• **Brief**: Please transcribe only the lines between the one containing "Dragon Ball Super" and the end of the records, both ends included, exactly as written; skip every picture.

• **Record set**:
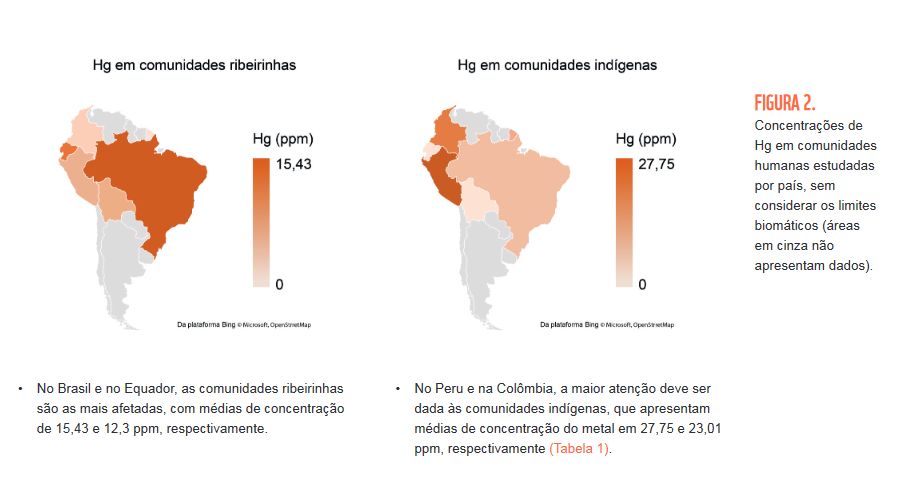 contaminação por mercúrio na amazônia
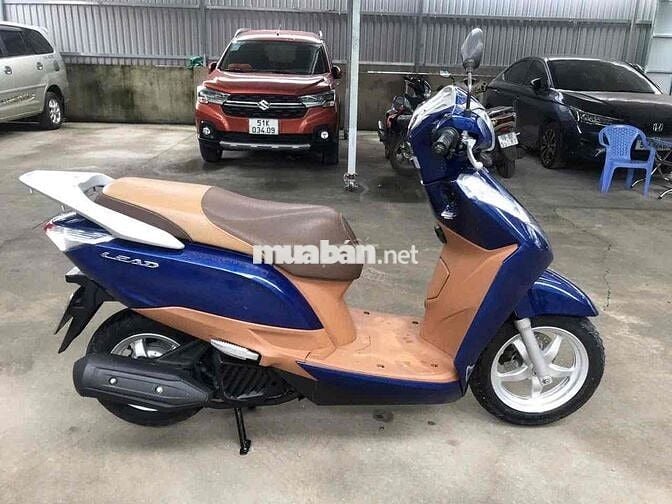 Honda Lead 125 Fi xanh thùng vàng đời 2016 bstp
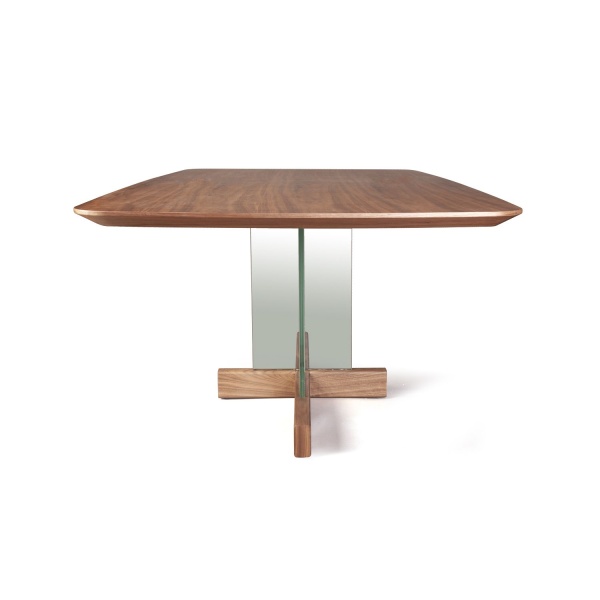 Стол обеденный Ghost 200, столешница орех от интернет-магазина IDODOM.RU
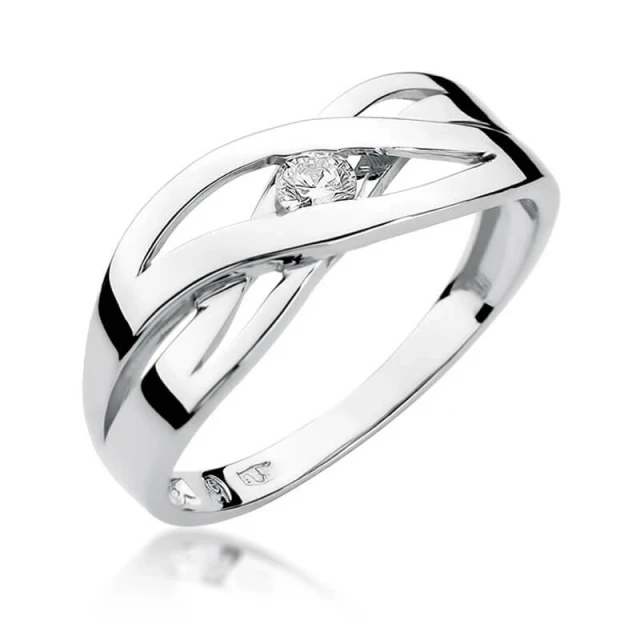 Gold Diamant Ring WeißGold EW-156 0.10ct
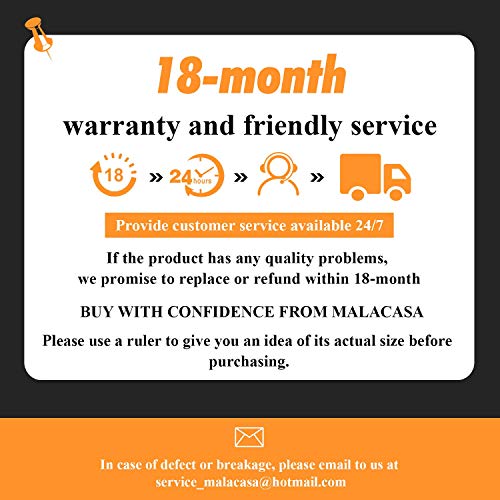 MALACASA, Serie Sweet.Time, 4 Piezas Juego de Té de Porcelana Tetera y Taza y Platillo de Tambien es Cafetera Regalo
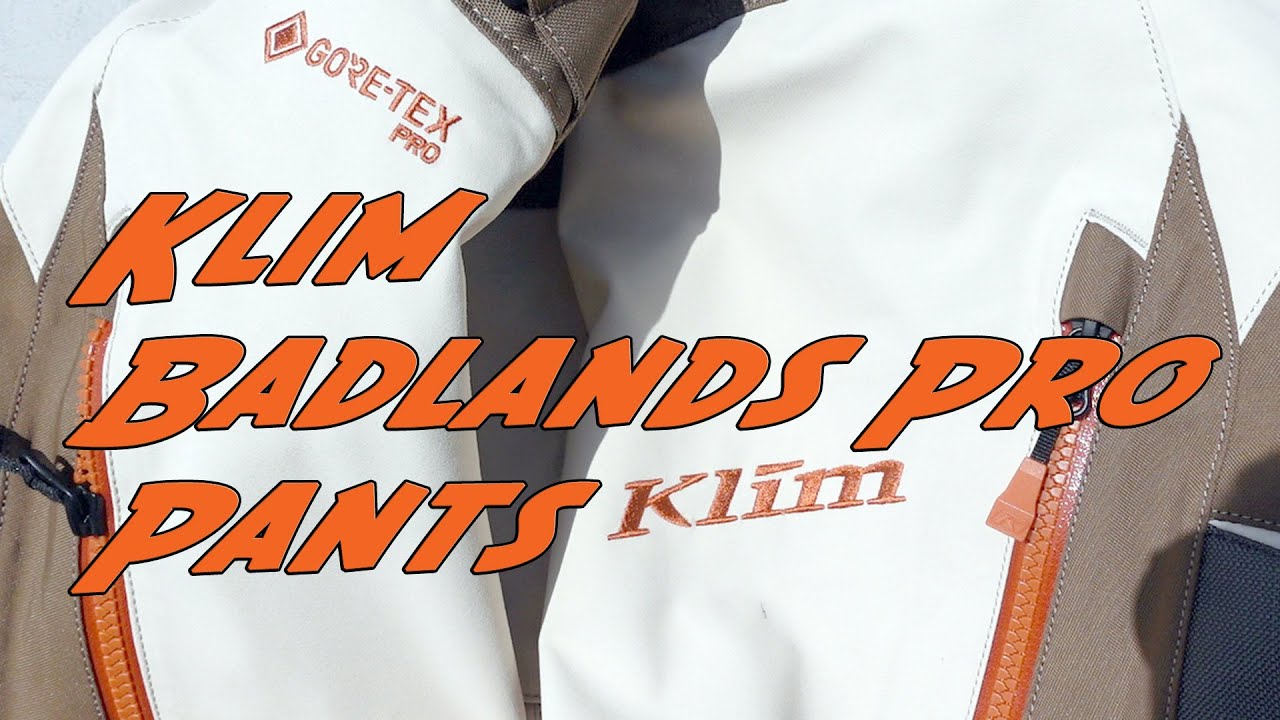 Klim Badlands Pro pants - I found my pants!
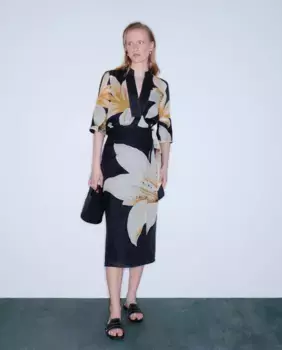 Юбка с позиционным цветком Woman Limited El Corte Ingls, черный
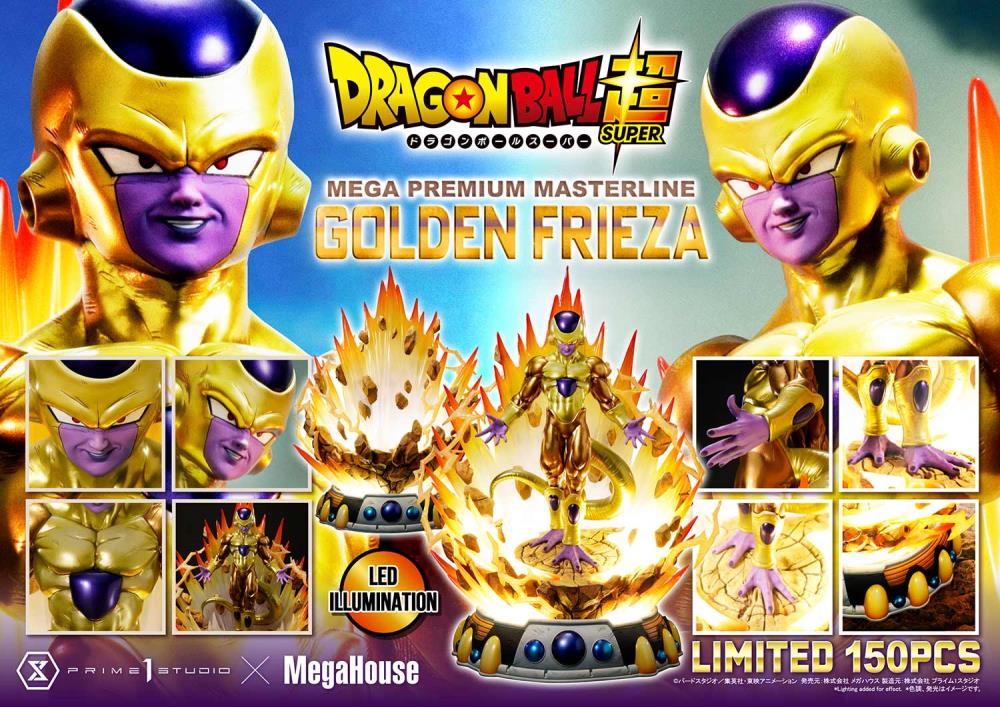 Dragon Ball Super Mega Premium Masterline Golden Frieza 1/4 Scale Limited Edition Statue Gallery Image 56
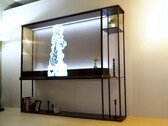 Der LG Signature OLED T setzt auf ein transparentes Panel. (Bild: Cnet, YouTube)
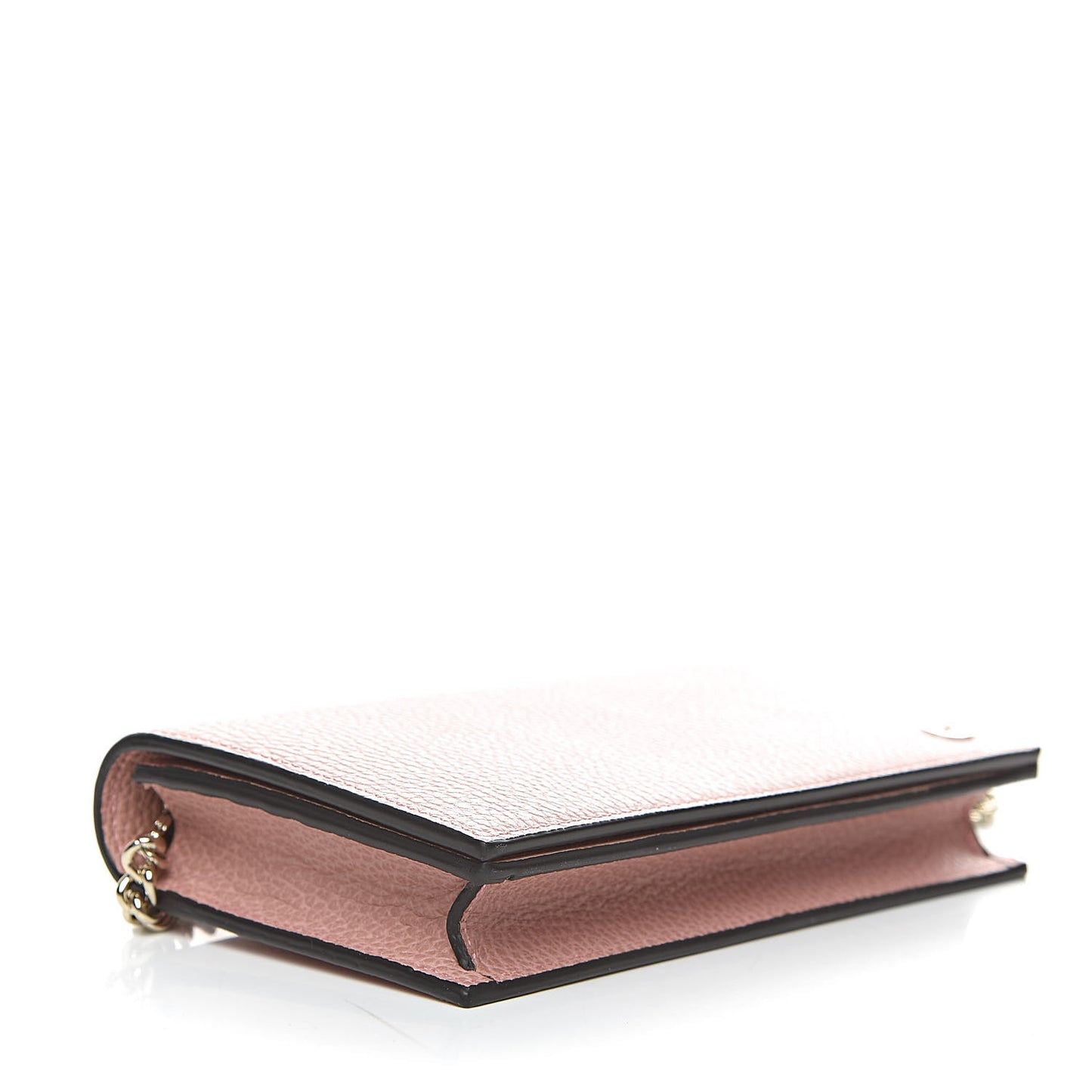 Dollar Calfskin Medium Betty Chain Wallet Soft Pink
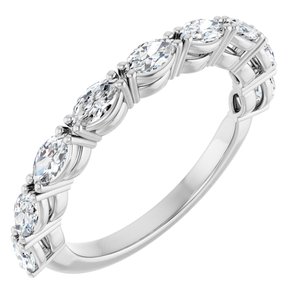14K White Gold 3/4 CTW Lab-Grown Diamond Anniversary Band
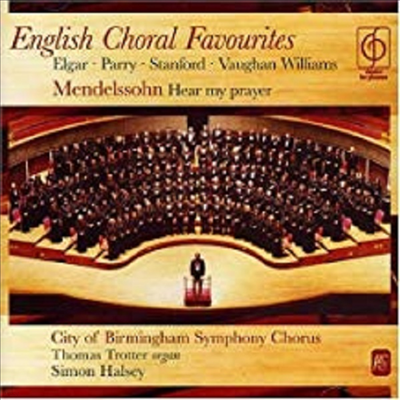  â â (English Choral Favourites)(CD) - Simon & City of Birmingham Symphony Chorus Halsey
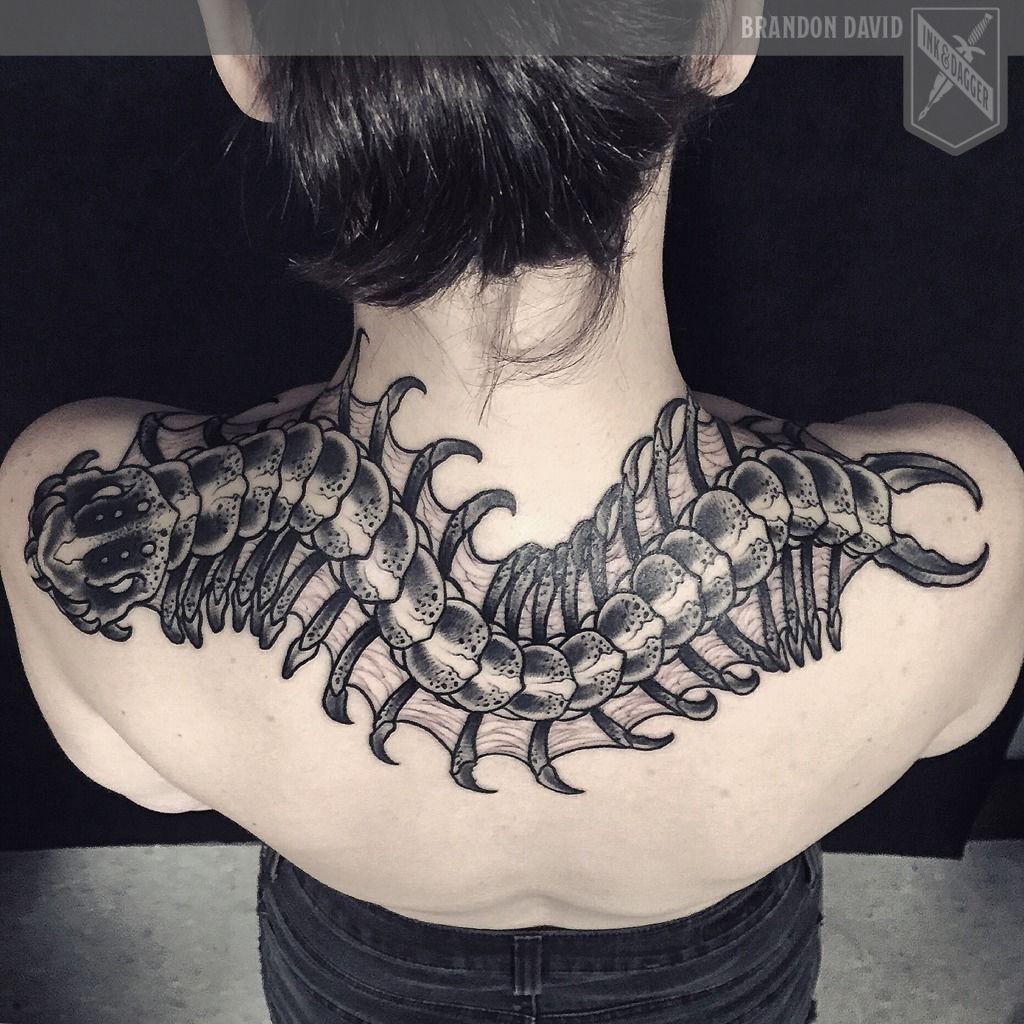 Reaper centipede design available to be tattoo by benogradytattoo    Lighthouse Tattoo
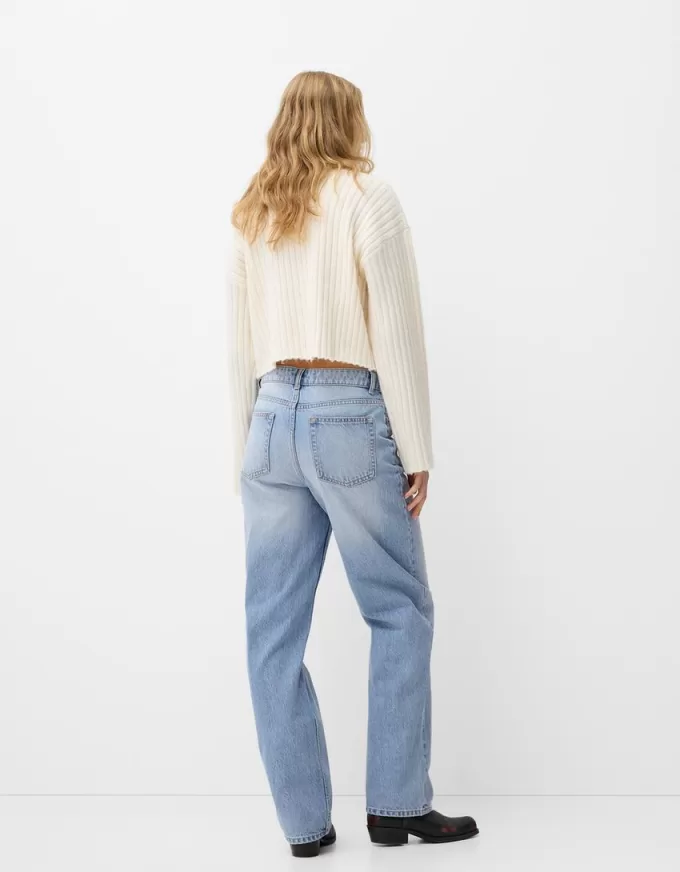 Straight fit wide-leg jeans Straight fit wide-leg jeans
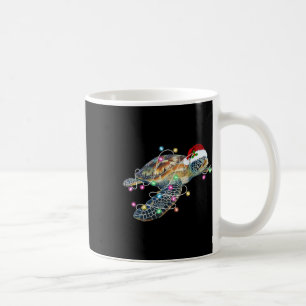 Caneca De Café Tartaruga Marinha de Chapéu de Papai Noel Divertid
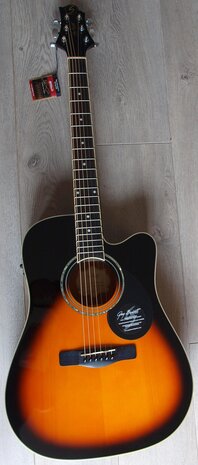 Samick Greg Bennett G-Series Electro-akoestische Dreadnought Mahonie, GD100SCEVS, sunburst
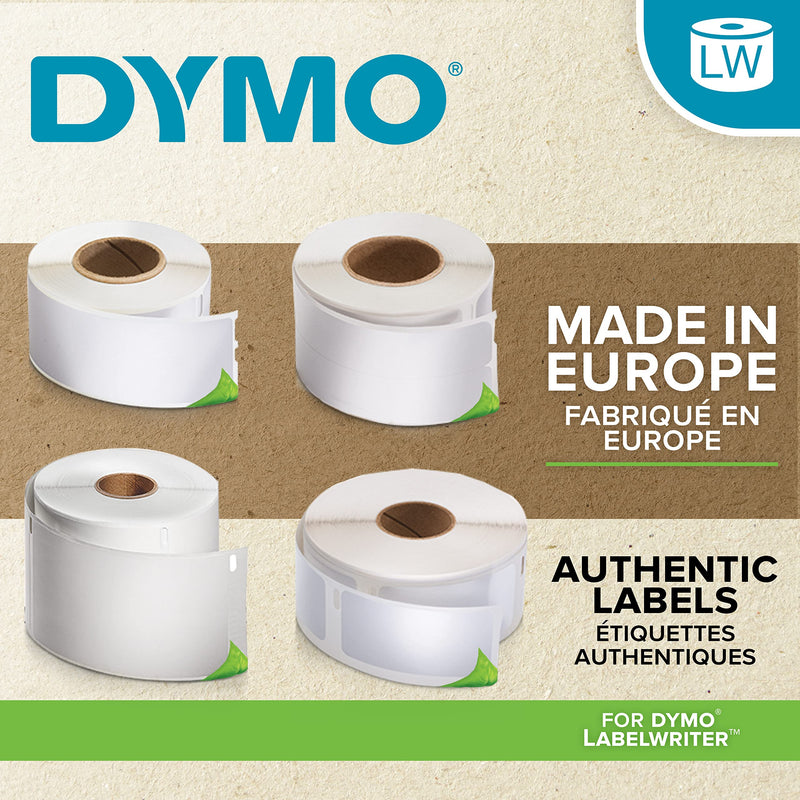 DYMO LW Durable Labels for LabelWriter Label Printers, White Poly, 1” x 2-1/8”, 1 Roll of 160 1" x 2-1/8"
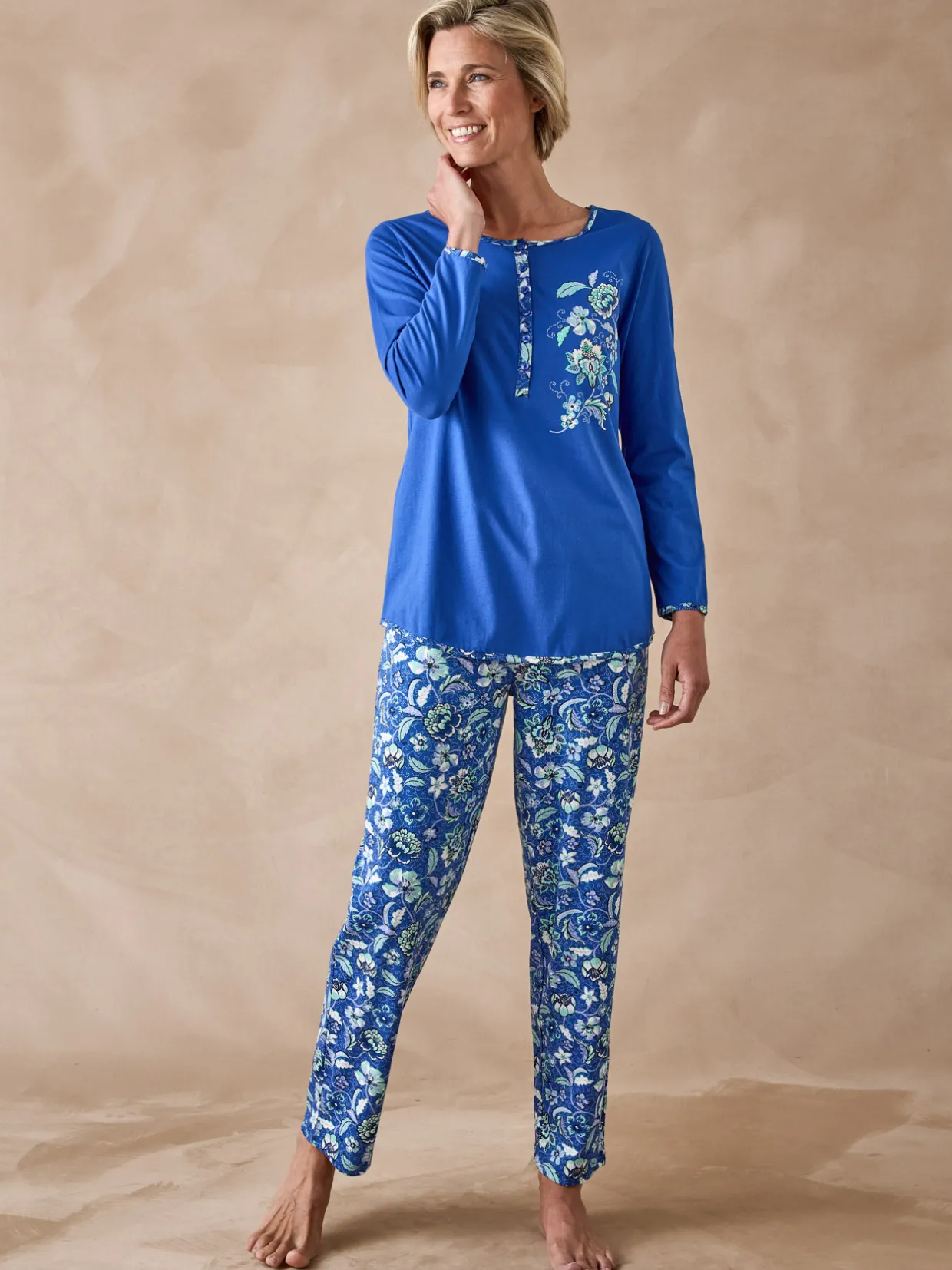 Daxon Pyjama maille pur coton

• **Solution for this problem**:
 Dragon Ball Super Mega Premium Masterline Golden Frieza 1/4 Scale Limited Edition Statue Gallery Image 56
 Der LG Signature OLED T setzt auf ein transparentes Panel. (Bild: Cnet, YouTube)
 Dollar Calfskin Medium Betty Chain Wallet Soft Pink
14K White Gold 3/4 CTW Lab-Grown Diamond Anniversary Band
  â â (English Choral Favourites)(CD) - Simon & City of Birmingham Symphony Chorus Halsey
 Reaper centipede design available to be tattoo by benogradytattoo    Lighthouse Tattoo
 Straight fit wide-leg jeans Straight fit wide-leg jeans
 Caneca De Café Tartaruga Marinha de Chapéu de Papai Noel Divertid
 Samick Greg Bennett G-Series Electro-akoestische Dreadnought Mahonie, GD100SCEVS, sunburst
 DYMO LW Durable Labels for LabelWriter Label Printers, White Poly, 1” x 2-1/8”, 1 Roll of 160 1" x 2-1/8"
 Daxon Pyjama maille pur coton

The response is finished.